Es kam noch schlimmer, die deutsche 4-x-100-Meter-Staffel der Männer kam mit katastrophalen 3:19,00 Minuten nicht mal ins Finale. Ausgerechnet die Staffeln, die Herzstücke des deutschen Schwimmens, haben gepatzt. Dabei sollten die Frauen für den großen Knall zum Auftakt sorgen, sie sollten die anderen aufputschen. So war der Plan. Dass er nicht aufging, hat aber vielleicht auch damit zu tun, dass Bundestrainer Manfred Thiesmann nur noch einer von vielen ist. Viele Jahre lang hatte er Staffel-Aufstellungen ausgeklügelt, gegnerische Taktiken studiert und Informationen über die Konkurrenz eingeholt. Irgendwann war er so fit, dass er viele Aufstellungen der Gegner richtig voraussah. Thiesmann feierte spektakuläre Erfolge.

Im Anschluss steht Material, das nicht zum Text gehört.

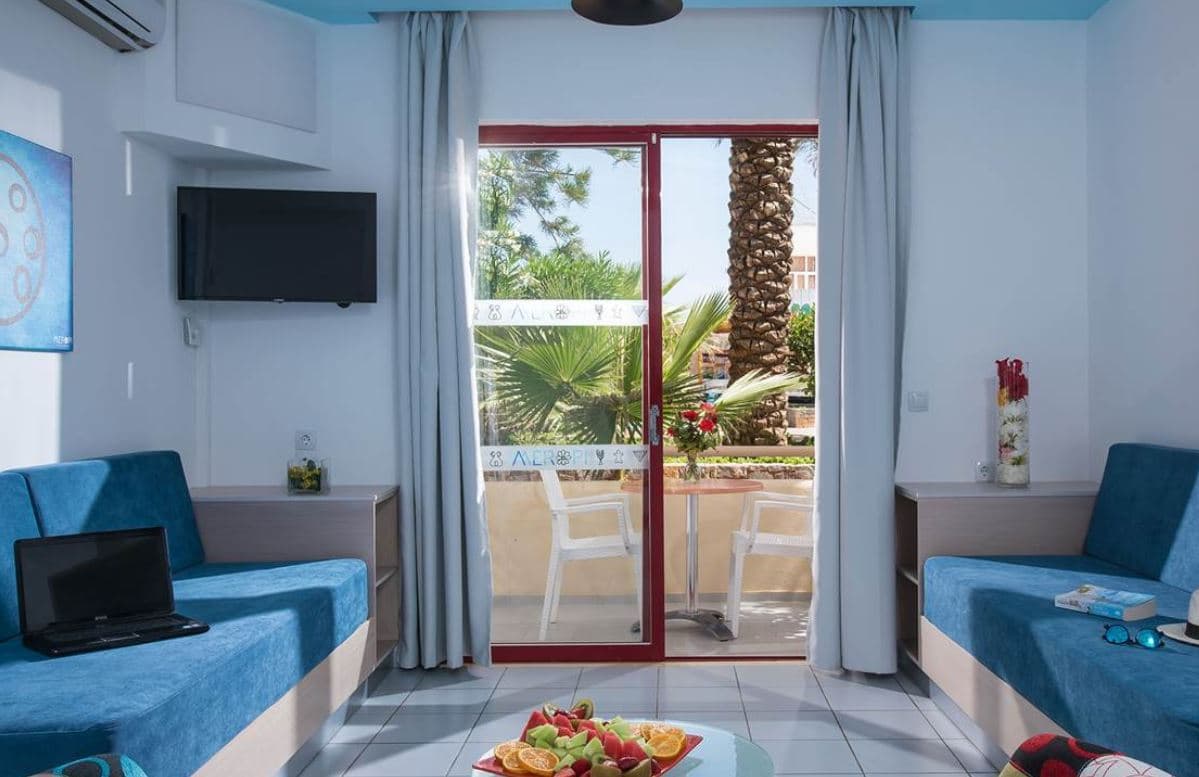 rooms-room-family-1-bedroom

Madsen stufte ihn zurück. Jede Staffel hat jetzt einen betreuenden Trainer. Der darf die Aufstellung vorschlagen, Madsen hat das letzte Wort. Der Norweger will damit Verantwortung breiter verteilen. Für die Frauenstaffel vom Sonntag war somit Stefan Döbler verantwortlich. Zuvor hatte Thiesmann generell Vorschlagsrecht. Am Sonntag erklärte er, wie alle anderen Trainer, seine Vorstellungen von der Besetzung. Döbler hatte andere Vorstellungen.

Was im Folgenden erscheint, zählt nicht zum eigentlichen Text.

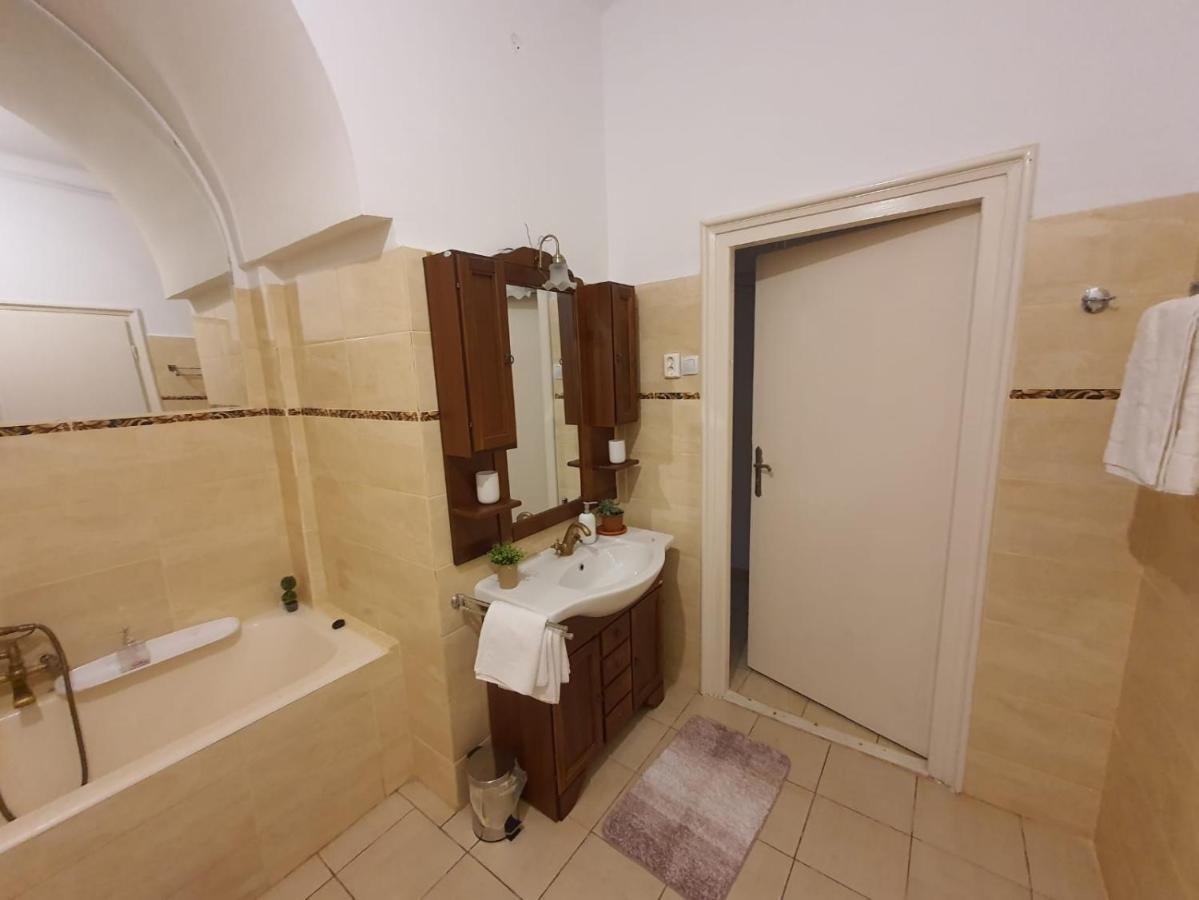 Apartament Enescu Τιμισοάρα Εξωτερικό φωτογραφία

Australien startete mit der sehr schnellen Lisbeth Lenton. „Das war vorherzusehen“, sagt Thiesmann. Die Australier schicken immer ihre besten Leute am Anfang ins Wasser. Auch die USA würden schnell beginnen, das war klar. Für so einen Fall gibt es zwei Möglichkeiten. Entweder man stellt ebenfalls seine beste Athletin auf die Startposition oder man schickt sie spätestens als Zweite. Denn der Abstand zu den Gegnern darf nicht zu groß werden. Eine Länge Rückstand in einem Weltklassefeld bedeutet, dass die Nächste in hohe Wellen springen muss. Damit verliert sie Geschwindigkeit. Vor allem aber frustriert ein großer Rückstand jene, die auf dem Block stehen. „Nur wenn es knapp ist, kannst du dich in ein Hoch schwimmen“, sagt Thiesmann. In einer direkten Duellsituation sind schon viele deutsche Athleten über sich hinausgewachsen.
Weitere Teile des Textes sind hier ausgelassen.